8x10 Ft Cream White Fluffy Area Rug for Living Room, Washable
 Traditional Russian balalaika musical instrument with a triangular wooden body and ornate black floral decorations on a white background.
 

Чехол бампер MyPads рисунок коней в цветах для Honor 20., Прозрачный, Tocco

***

* **Task brief**:
Reproduce the material above, keeping every line intact.

* **Exercise answer**:
8x10 Ft Cream White Fluffy Area Rug for Living Room, Washable
 Traditional Russian balalaika musical instrument with a triangular wooden body and ornate black floral decorations on a white background.
 

Чехол бампер MyPads рисунок коней в цветах для Honor 20., Прозрачный, Tocco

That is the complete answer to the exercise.